A REAL CROSS TO BEAR...
Thursday, March 28, 2013 at 08:48PM
Diane Bones

The cross was too much to bear.

I don't mean that metaphorically, I mean it was actually wayyyy too much.

It was Ash Wednesday last month, so I went to church to uphold my status as a mediocre Catholic who questions more than she prays.

But when I saw my fellow parishioners coming down the aisle after receiving their ashes from our pastor, my first inappropriate thought was "Oh crap!" Instead of a simple ash mark, every single person had a jet black cross the size of a bagel on their foreheads. The thing was startlingly huge.

Now, I was trying to kick-off the Lenten season with some humility, but this display was enough to make a bona fide saint do a double take and say, "Whhoaaa, there, big fella, crank it back a notch."

Sometimes I feel as if the Catholic Church in general and the priests at my parish in particular are deliberately trying to tick-off the faithful. For example, they refuse to distribute palms on Palm Sunday until after mass is completed. Have to sneak out early to attend to your aging Mother? No palms for you! And I remember our pastor warning churchgoers that we could not receive ashes unless we stayed put for the entire mass. Hey, fadder, every heard of busy people who have to get to work on a weekday? Sheesh!

So the gargantuan ash crosses struck me as yet another "You're Catholic and you'll like it!" form of organized bullying.

To avoid a stigmata on my face, I cagily tiptoed over to another line to get my ashes from another priest.

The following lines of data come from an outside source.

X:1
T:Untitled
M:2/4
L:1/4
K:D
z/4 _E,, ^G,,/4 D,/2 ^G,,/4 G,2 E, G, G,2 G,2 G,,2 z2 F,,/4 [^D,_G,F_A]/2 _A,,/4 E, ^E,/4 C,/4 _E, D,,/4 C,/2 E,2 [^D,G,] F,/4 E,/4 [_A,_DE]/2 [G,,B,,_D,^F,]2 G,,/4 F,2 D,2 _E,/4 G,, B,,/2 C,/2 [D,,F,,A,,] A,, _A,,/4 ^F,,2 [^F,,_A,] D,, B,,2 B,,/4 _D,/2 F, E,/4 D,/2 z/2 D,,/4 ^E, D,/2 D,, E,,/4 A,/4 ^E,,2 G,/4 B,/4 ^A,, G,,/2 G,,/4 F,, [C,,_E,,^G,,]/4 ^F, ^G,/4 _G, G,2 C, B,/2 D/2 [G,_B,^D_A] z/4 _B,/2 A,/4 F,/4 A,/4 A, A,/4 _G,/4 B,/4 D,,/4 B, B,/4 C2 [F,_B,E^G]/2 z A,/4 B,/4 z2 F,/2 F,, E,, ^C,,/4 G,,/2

Of course the joke was on me and my immortal soul because a directive must have been issued encouraging every ash-giver to "GET THOSE SUCKERS WITH EVERY OUNCE OF THUMB MUSCLE YA HAVE" because priest number two gave me ashes that would have lasted a good week or two if I let them.  

Horrified by how I looked, I did what any sane adult would do: I went home and rubbed-off three-quarters of the ashes with a tissue. I'm sure I racked-up some major sacrilege by flushing blessed ashes down the john, but I had to teach later that day and I didn't want black soot trickling onto my nose in the midst of a scintillating lecture. 

The good news is that there's a new Pope in town and he seems to understand that you don't have to wear your spirituality on your forehead.

Yes, I know he has a long way to go with vital issues like women priests, gay rights and papal bling, but baby steps, people. Pope Francis advocates short homilies, a humble lifestyle and love for all mankind, and that sounds like progress to me.

Next Lenten season, perhaps he'll even send out a memo to overly exuberant clerics worldwide that says something like this:"For God's Sake, everybody, RELAX and ease up on the *!&#! ashes." 

And on that note, HAPPY EASTER AND PASSOVER TO ALL!